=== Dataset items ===

##############################

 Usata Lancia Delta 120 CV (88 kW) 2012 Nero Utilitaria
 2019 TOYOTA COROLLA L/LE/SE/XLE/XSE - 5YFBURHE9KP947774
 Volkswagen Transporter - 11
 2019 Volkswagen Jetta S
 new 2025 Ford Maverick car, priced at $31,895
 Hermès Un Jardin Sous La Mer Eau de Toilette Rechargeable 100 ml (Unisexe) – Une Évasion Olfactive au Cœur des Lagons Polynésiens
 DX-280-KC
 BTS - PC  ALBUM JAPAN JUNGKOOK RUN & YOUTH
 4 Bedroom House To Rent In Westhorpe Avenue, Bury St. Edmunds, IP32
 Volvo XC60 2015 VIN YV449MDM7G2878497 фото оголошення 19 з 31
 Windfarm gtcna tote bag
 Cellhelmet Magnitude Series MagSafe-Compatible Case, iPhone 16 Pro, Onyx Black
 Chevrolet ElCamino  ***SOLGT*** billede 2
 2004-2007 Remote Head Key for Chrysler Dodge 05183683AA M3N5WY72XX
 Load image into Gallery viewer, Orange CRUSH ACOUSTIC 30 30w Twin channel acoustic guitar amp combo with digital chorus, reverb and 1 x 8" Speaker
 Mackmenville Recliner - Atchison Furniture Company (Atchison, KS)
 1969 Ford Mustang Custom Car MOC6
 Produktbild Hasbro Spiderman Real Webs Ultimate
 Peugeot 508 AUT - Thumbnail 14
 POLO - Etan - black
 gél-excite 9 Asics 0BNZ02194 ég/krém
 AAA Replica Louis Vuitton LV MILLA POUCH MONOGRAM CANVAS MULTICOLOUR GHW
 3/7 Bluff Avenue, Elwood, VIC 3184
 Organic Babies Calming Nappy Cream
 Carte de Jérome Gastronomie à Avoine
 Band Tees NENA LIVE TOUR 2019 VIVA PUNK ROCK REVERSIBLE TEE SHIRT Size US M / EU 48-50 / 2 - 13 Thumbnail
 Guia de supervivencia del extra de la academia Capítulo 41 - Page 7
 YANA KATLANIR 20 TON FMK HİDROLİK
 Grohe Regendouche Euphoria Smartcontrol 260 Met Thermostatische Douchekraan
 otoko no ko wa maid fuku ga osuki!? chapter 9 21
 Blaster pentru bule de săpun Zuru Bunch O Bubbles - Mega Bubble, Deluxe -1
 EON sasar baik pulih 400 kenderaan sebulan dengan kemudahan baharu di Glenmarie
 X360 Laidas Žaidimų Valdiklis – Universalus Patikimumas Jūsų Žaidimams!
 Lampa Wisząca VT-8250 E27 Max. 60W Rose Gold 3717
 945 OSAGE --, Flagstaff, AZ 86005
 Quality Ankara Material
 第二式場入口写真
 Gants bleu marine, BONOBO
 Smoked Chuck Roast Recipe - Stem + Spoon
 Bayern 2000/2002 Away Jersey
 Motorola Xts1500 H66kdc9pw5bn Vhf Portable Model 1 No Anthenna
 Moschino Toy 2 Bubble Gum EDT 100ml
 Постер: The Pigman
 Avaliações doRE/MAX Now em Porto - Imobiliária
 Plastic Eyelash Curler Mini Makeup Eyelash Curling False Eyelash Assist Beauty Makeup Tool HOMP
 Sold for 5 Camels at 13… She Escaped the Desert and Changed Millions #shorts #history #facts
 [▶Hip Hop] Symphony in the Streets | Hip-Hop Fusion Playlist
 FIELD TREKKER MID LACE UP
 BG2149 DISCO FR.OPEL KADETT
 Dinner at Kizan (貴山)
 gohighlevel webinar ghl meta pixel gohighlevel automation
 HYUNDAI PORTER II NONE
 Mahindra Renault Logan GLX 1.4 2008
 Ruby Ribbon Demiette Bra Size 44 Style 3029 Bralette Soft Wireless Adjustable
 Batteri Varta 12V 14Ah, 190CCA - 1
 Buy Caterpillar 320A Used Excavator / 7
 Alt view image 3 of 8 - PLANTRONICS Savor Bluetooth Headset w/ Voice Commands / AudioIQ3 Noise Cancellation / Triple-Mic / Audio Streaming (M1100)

##############################

The expected result is every record above, duplicated exactly.

 Usata Lancia Delta 120 CV (88 kW) 2012 Nero Utilitaria
 2019 TOYOTA COROLLA L/LE/SE/XLE/XSE - 5YFBURHE9KP947774
 Volkswagen Transporter - 11
 2019 Volkswagen Jetta S
 new 2025 Ford Maverick car, priced at $31,895
 Hermès Un Jardin Sous La Mer Eau de Toilette Rechargeable 100 ml (Unisexe) – Une Évasion Olfactive au Cœur des Lagons Polynésiens
 DX-280-KC
 BTS - PC  ALBUM JAPAN JUNGKOOK RUN & YOUTH
 4 Bedroom House To Rent In Westhorpe Avenue, Bury St. Edmunds, IP32
 Volvo XC60 2015 VIN YV449MDM7G2878497 фото оголошення 19 з 31
 Windfarm gtcna tote bag
 Cellhelmet Magnitude Series MagSafe-Compatible Case, iPhone 16 Pro, Onyx Black
 Chevrolet ElCamino  ***SOLGT*** billede 2
 2004-2007 Remote Head Key for Chrysler Dodge 05183683AA M3N5WY72XX
 Load image into Gallery viewer, Orange CRUSH ACOUSTIC 30 30w Twin channel acoustic guitar amp combo with digital chorus, reverb and 1 x 8" Speaker
 Mackmenville Recliner - Atchison Furniture Company (Atchison, KS)
 1969 Ford Mustang Custom Car MOC6
 Produktbild Hasbro Spiderman Real Webs Ultimate
 Peugeot 508 AUT - Thumbnail 14
 POLO - Etan - black
 gél-excite 9 Asics 0BNZ02194 ég/krém
 AAA Replica Louis Vuitton LV MILLA POUCH MONOGRAM CANVAS MULTICOLOUR GHW
 3/7 Bluff Avenue, Elwood, VIC 3184
 Organic Babies Calming Nappy Cream
 Carte de Jérome Gastronomie à Avoine
 Band Tees NENA LIVE TOUR 2019 VIVA PUNK ROCK REVERSIBLE TEE SHIRT Size US M / EU 48-50 / 2 - 13 Thumbnail
 Guia de supervivencia del extra de la academia Capítulo 41 - Page 7
 YANA KATLANIR 20 TON FMK HİDROLİK
 Grohe Regendouche Euphoria Smartcontrol 260 Met Thermostatische Douchekraan
 otoko no ko wa maid fuku ga osuki!? chapter 9 21
 Blaster pentru bule de săpun Zuru Bunch O Bubbles - Mega Bubble, Deluxe -1
 EON sasar baik pulih 400 kenderaan sebulan dengan kemudahan baharu di Glenmarie
 X360 Laidas Žaidimų Valdiklis – Universalus Patikimumas Jūsų Žaidimams!
 Lampa Wisząca VT-8250 E27 Max. 60W Rose Gold 3717
 945 OSAGE --, Flagstaff, AZ 86005
 Quality Ankara Material
 第二式場入口写真
 Gants bleu marine, BONOBO
 Smoked Chuck Roast Recipe - Stem + Spoon
 Bayern 2000/2002 Away Jersey
 Motorola Xts1500 H66kdc9pw5bn Vhf Portable Model 1 No Anthenna
 Moschino Toy 2 Bubble Gum EDT 100ml
 Постер: The Pigman
 Avaliações doRE/MAX Now em Porto - Imobiliária
 Plastic Eyelash Curler Mini Makeup Eyelash Curling False Eyelash Assist Beauty Makeup Tool HOMP
 Sold for 5 Camels at 13… She Escaped the Desert and Changed Millions #shorts #history #facts
 [▶Hip Hop] Symphony in the Streets | Hip-Hop Fusion Playlist
 FIELD TREKKER MID LACE UP
 BG2149 DISCO FR.OPEL KADETT
 Dinner at Kizan (貴山)
 gohighlevel webinar ghl meta pixel gohighlevel automation
 HYUNDAI PORTER II NONE
 Mahindra Renault Logan GLX 1.4 2008
 Ruby Ribbon Demiette Bra Size 44 Style 3029 Bralette Soft Wireless Adjustable
 Batteri Varta 12V 14Ah, 190CCA - 1
 Buy Caterpillar 320A Used Excavator / 7
 Alt view image 3 of 8 - PLANTRONICS Savor Bluetooth Headset w/ Voice Commands / AudioIQ3 Noise Cancellation / Triple-Mic / Audio Streaming (M1100)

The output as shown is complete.